Magisterial post, Christopher. I hope Ross sees it.

2

Thanks for all your thoughts. I'd love to hear your version of such a talk, though I fear it would go on for five or six hours. The point of these selections was not to create a definitive list of 20th-century masterpieces, but to illustrate a diversity of styles. Many things were omitted not because they were unimportant but because one representative of a particular style or moment was used to stand in for various others. I had planned to play Scelsi, for example, but omitted him along with much else as the talk went way over its allotted time. I recently wrote about Scelsi at length in the New Yorker. Very important composer.

I talked quite a bit about La Monte Young in the lecture, but I did not have a convenient sample to illustrate his music. There's really not much point in commenting on the list itself without having heard the talk that went along with it. I posted the list at the request of a reader who wanted details of everything I played.

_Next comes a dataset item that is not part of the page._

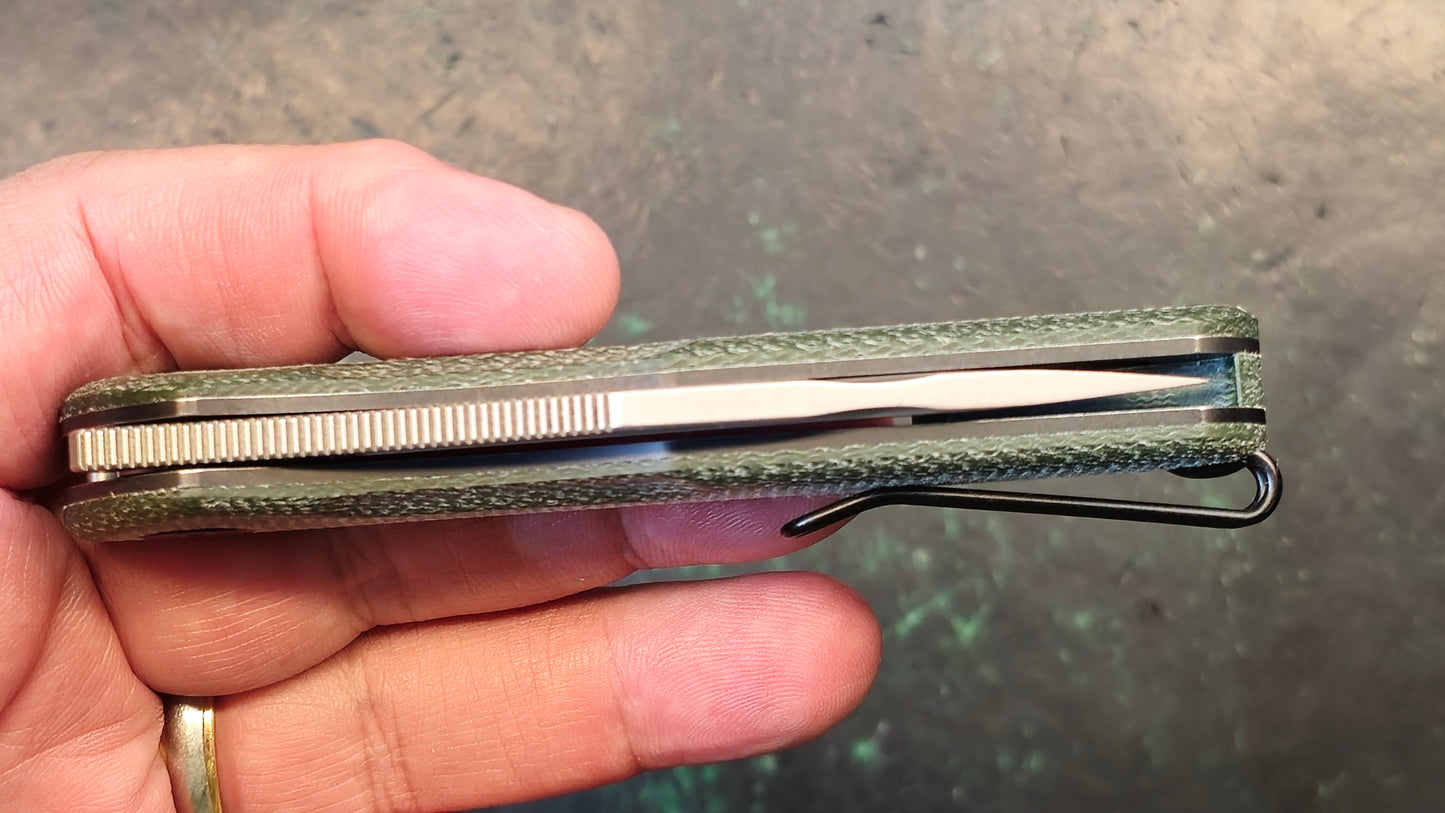 Trivisa Antliae-04GM Button Lock Green Micarta Handle 14C28N Plain Edge Stonewash (CLOSEOUT - OPEN BOX)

Sorry, but Britten and Shostakovich were greater composers than Stockhausen or Nono.

3

Yes! Let's have a C. DeLaurenti talk for 4-6 hours! Take up a whole weekend day, with a lunch break! Bring in a few local performers/amateur (screened) theorists to present! Why don't we have stuff like this here?

4

To my ears, much of Britten and Shostakovich sounds dated and dowdy; they assuredly were not greater composers than Stockhausen or Nono.

Britten and Shostakovich made nothing comparable (and I am thinking of B's "War Requiem" and S's usually bloated symphonic effusions) nor ever attained the level of Stockie's "Hymnen," "Inori," or "Mikrophonie I," "Mantra," or Nono's "....sofferte onde serene...," "a carlo scarpa," or "Fragmente-stille, an Diotima".

As for commenting on the playlist: It's posted on-line for all to see; it informed a public talk and a forthcoming book intended as a survey of 20th century music; thus it is fair game for comment.

5

I talked quite a bit about La Monte Young in the lecture, but I did not have a convenient sample to illustrate his music.

I know Young charges exorbitant prices for his music (when he decides to release it at all), but surely the New Yorker's music critic could gain access to at least an excerpt. Or am I assuming too much?